I have one of these lying around, in good working condition but I no longer have DirecTV so it's not needed. It's the 70 hour recording capacity one, DirecTV branded R10 model. There isn't much interest on ebay, so rather than listing it on there and constantly relisting it, i'd be happy to sell it to someone directly. if you prefer the buyer protections on ebay, we can always agree for me to post it on ebay with an agreed to "buy it now" price, and go through there. whatever works. 

if anybody wants it, let me know. give me an offer (plus actual cost of shipping) via PM or email.


----------



## iceturkee (May 26, 2005)

gotta ask, do you own the unit or is it a lease?


----------



## milo99 (Oct 14, 2002)

iceturkee said:


> gotta ask, do you own the unit or is it a lease?

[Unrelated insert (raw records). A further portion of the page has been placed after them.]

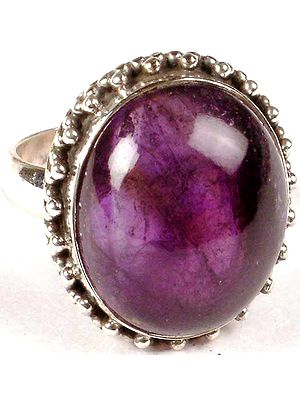 Oval Amethyst Ring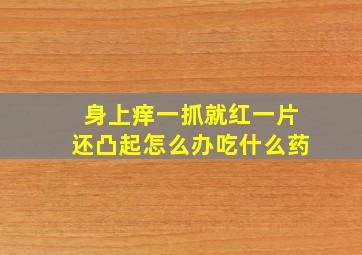 身上痒一抓就红一片还凸起怎么办吃什么药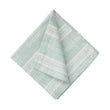 Lusis table runner, mint & white, 100% linen |High quality homewares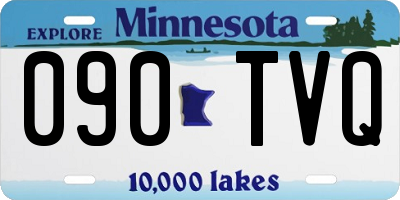 MN license plate 090TVQ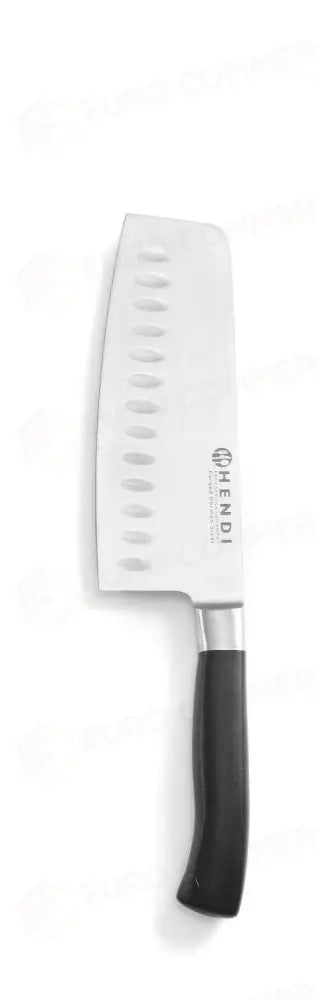 MANNAIA PROFI LINE SCANALATA NERO (L)300MM - HENDI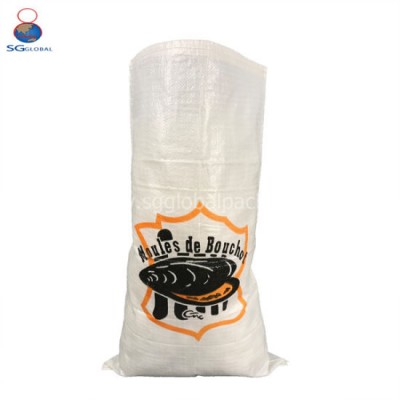 Wholesale 30kg 50kg PP Woven Feed Bag with Printing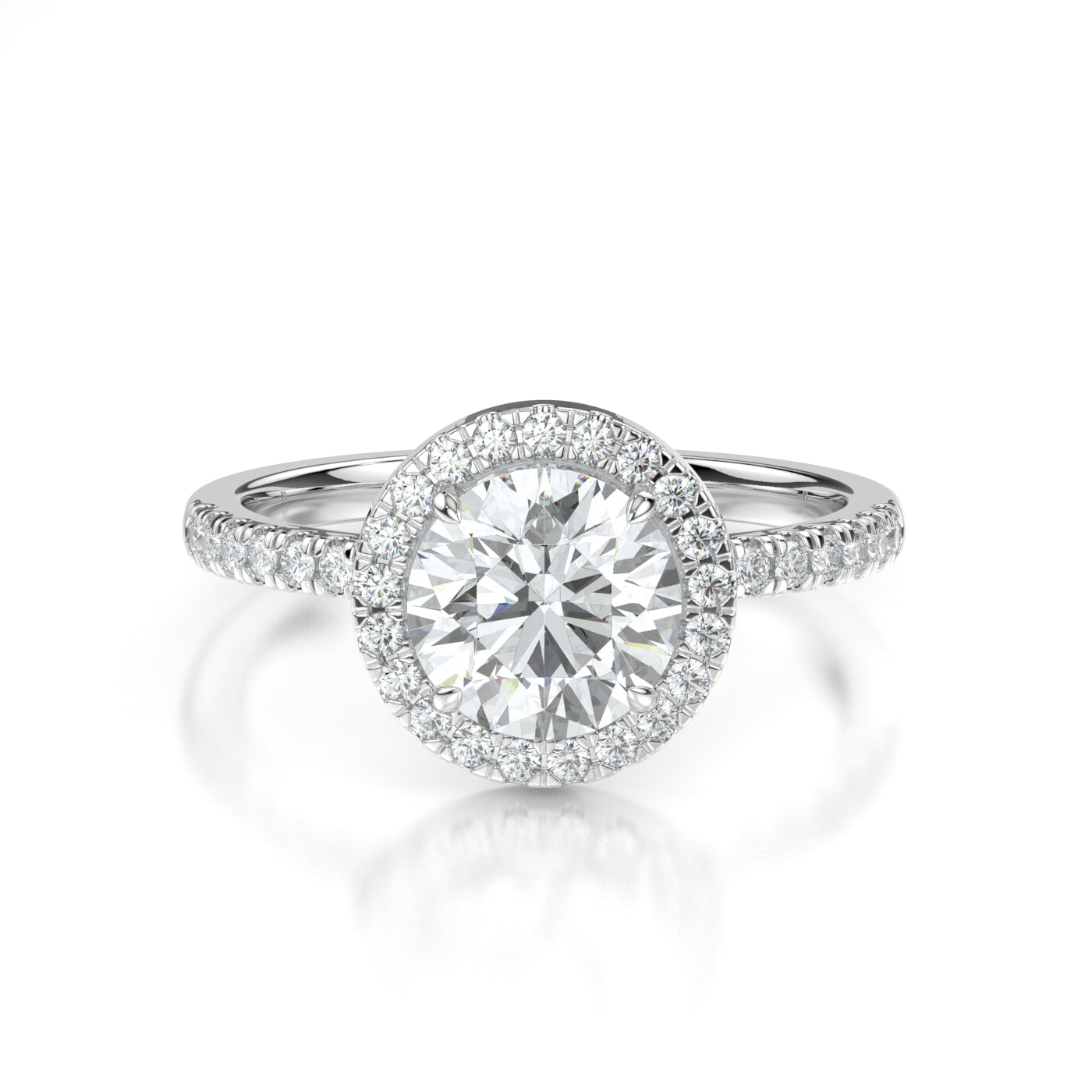 Joy Platinum Round Front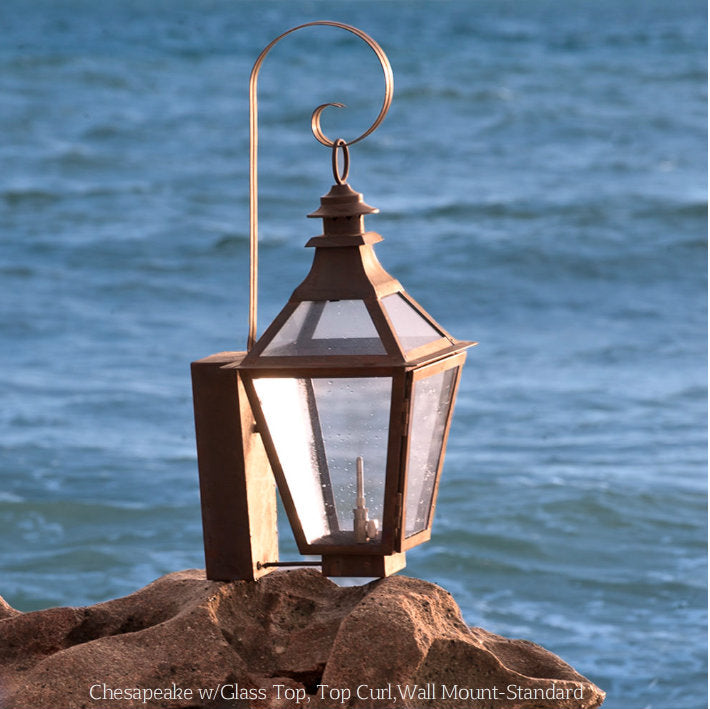 St. James Chesapeake Copper Lantern With Top Curl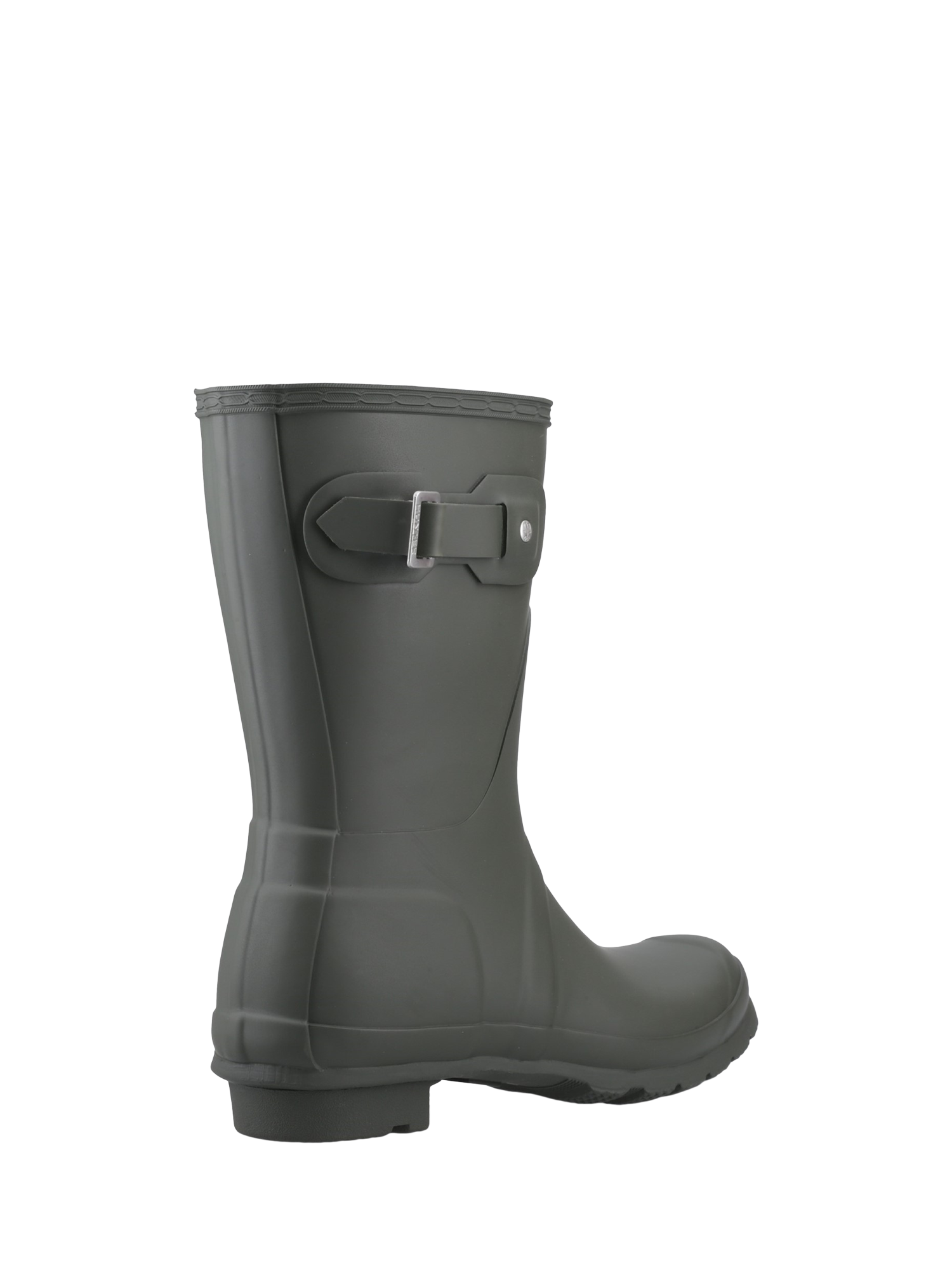 Product image 3 of 4, which shows Hunter Original Short Waterproof Wellington Boots, Dark Olive, 4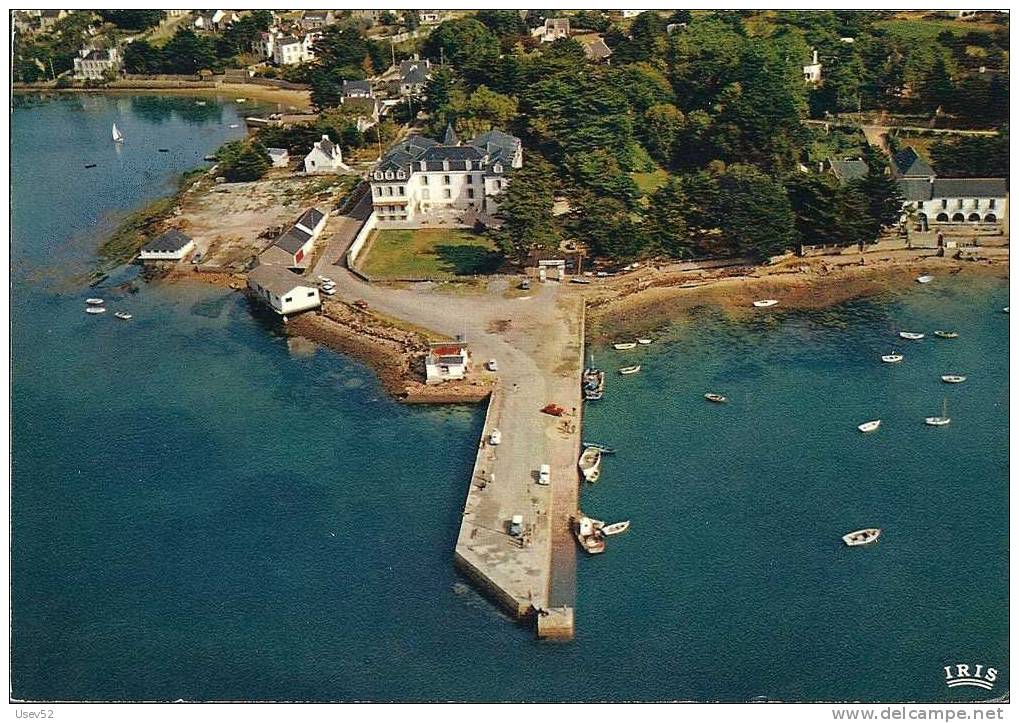 Larmor Baden - La Cale Et Le Port Avec L´Hôtel Du Grand Air Et L´Hôtel Des Iles - Larmor-Plage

own... it's been sitting for 3 years now unused (after about 1 year of use). Kept it around in case i went back to Dtv, but alas, i moved to a house with FiOS and moved to HD for good, so won't be needing any more.


----------



## Wil (Sep 27, 2002)

I'm always interested in keeping these things going and out of landfills, but I pay shipping only.


----------



## milo99 (Oct 14, 2002)

Wil said:


> I'm always interested in keeping these things going and out of landfills, but I pay shipping only.


well... if i can't find someone to sell it to, i'll let you know!


----------